(Data provided Opens)

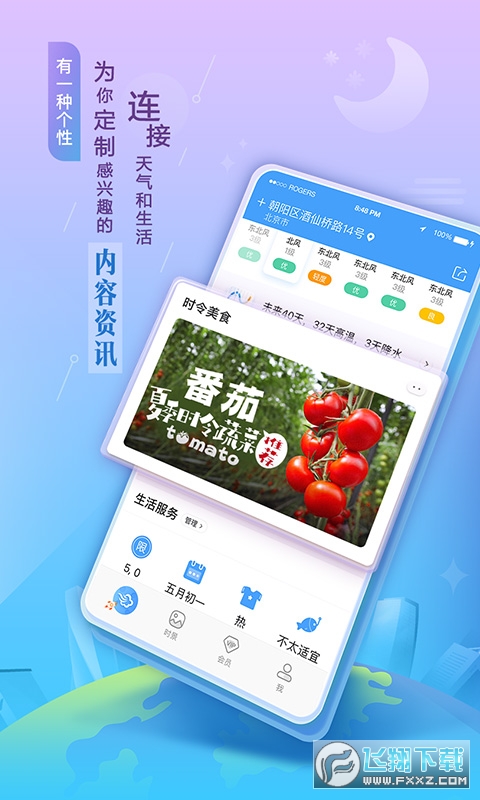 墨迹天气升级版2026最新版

(Data provided Closes)
(Data provided Opens)

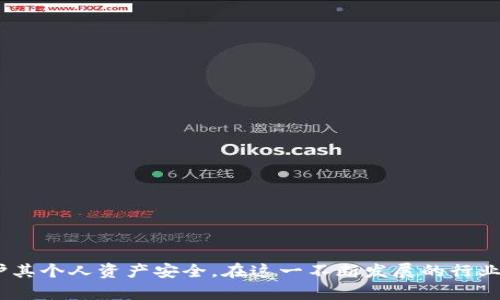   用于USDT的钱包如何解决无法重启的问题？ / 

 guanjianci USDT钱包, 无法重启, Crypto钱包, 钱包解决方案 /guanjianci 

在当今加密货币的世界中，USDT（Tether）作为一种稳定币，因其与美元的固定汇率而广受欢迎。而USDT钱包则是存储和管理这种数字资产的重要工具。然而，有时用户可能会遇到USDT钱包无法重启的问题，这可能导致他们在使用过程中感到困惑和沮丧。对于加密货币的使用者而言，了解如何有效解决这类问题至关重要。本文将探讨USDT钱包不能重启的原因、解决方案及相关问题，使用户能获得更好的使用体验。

(Data provided Closes)

Aim of the task:
From the records above, transcribe exactly the run of lines that opens with the line holding "guanjianci USDT钱包, 无法重启, Crypto钱包, 钱包解决方案" and closes with the line holding "在当今加密货币的世界中，US", both included.

Your response:
 guanjianci USDT钱包, 无法重启, Crypto钱包, 钱包解决方案 /guanjianci 

在当今加密货币的世界中，USDT（Tether）作为一种稳定币，因其与美元的固定汇率而广受欢迎。而USDT钱包则是存储和管理这种数字资产的重要工具。然而，有时用户可能会遇到USDT钱包无法重启的问题，这可能导致他们在使用过程中感到困惑和沮丧。对于加密货币的使用者而言，了解如何有效解决这类问题至关重要。本文将探讨USDT钱包不能重启的原因、解决方案及相关问题，使用户能获得更好的使用体验。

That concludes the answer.